Не планомерная эволюция, а скачок, не развитие, а смещение. Жанр неузнаваем, и все же в нем сохранилось нечто достаточное для того, чтобы и эта «не-поэма» была поэмой. И это достаточное — не в «основных», не в «крупных» отличительных чертах жанра, а во второстепенных, в тех, которые как бы сами собою подразумеваются и как будто жанра вовсе не характеризуют. Отличительной чертой, которая нужна для сохранения жанра, будет в данном случае величина.

Понятие «величины» есть вначале понятие энергетическое: мы склонны называть "большою формою" ту, на конструирование которой затрачиваем больше энергии. "Большая форма", поэма может быть дана на малом количестве стихов (ср. "Кавказский пленник" Пушкина). Пространственно "большая форма" бывает результатом энергетической. Но и она в некоторые исторические периоды определяет законы конструкции. Роман отличен от новеллы тем, что он большая форма. «Поэма» от просто «стихотворения» — тем же. Расчет на большую форму не тот, что на малую, каждая деталь, каждый стилистический прием в зависимости от величины конструкции имеет разную функцию, обладает разной силой, на него ложится разная нагрузка[645].

Раз сохранен этот принцип конструкции, сохраняется в данном случае ощущение жанра; но при сохранении этого принципа конструкция может смещаться с безграничной широтой; высокая поэма может подмениться легкой сказкой, высокий герой (у Пушкина пародическое «сенатор», "литератор"[646]) прозаическим героем, фабула отодвинута и т. д.

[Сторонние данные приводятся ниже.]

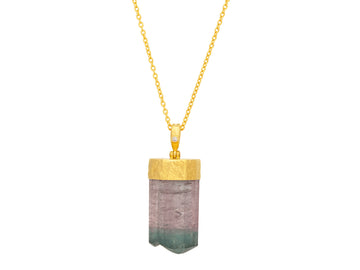 GURHAN, GURHAN Spell Gold Tourmaline Pendant Necklace, 25x15mm Amorphous Stone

Но тогда становится ясным, что давать статическое определение жанра, которое покрывало бы все явления жанра, невозможно: жанр смещается; перед нами ломаная линия, а не прямая линия его эволюции — и совершается эта эволюция как раз за счет «основных» черт жанра: эпоса как повествования, лирики как эмоционального искусства и т. д. Достаточным и необходимым условием для единства жанра от эпохи к эпохе являются черты «второстепенные», подобно величине конструкции.

Но и самый жанр — не постоянная, не неподвижная система; интересно, как колеблется понятие жанра в таких случаях, когда перед нами отрывок, фрагмент. Отрывок поэмы может ощущаться как отрывок поэмы, стало быть, как поэма; но он может ощущаться и как отрывок, т. е. фрагмент может быть осознан как жанр. Это ощущение жанра не зависит от произвола воспринимающего, а от преобладания или вообще наличия того или иного жанра: в XVIII веке отрывок будет фрагментом, во время Пушкина — поэмой. Интересно, что в зависимости от определения жанра находятся функции всех стилистических средств и приемов: в поэме они будут иными, нежели в отрывке.

Жанр как система может, таким образом, колебаться. Он возникает (из выпадов и зачатков в других системах) и спадает, обращаясь в рудименты других систем. Жанровая функция того или другого приема не есть нечто неподвижное.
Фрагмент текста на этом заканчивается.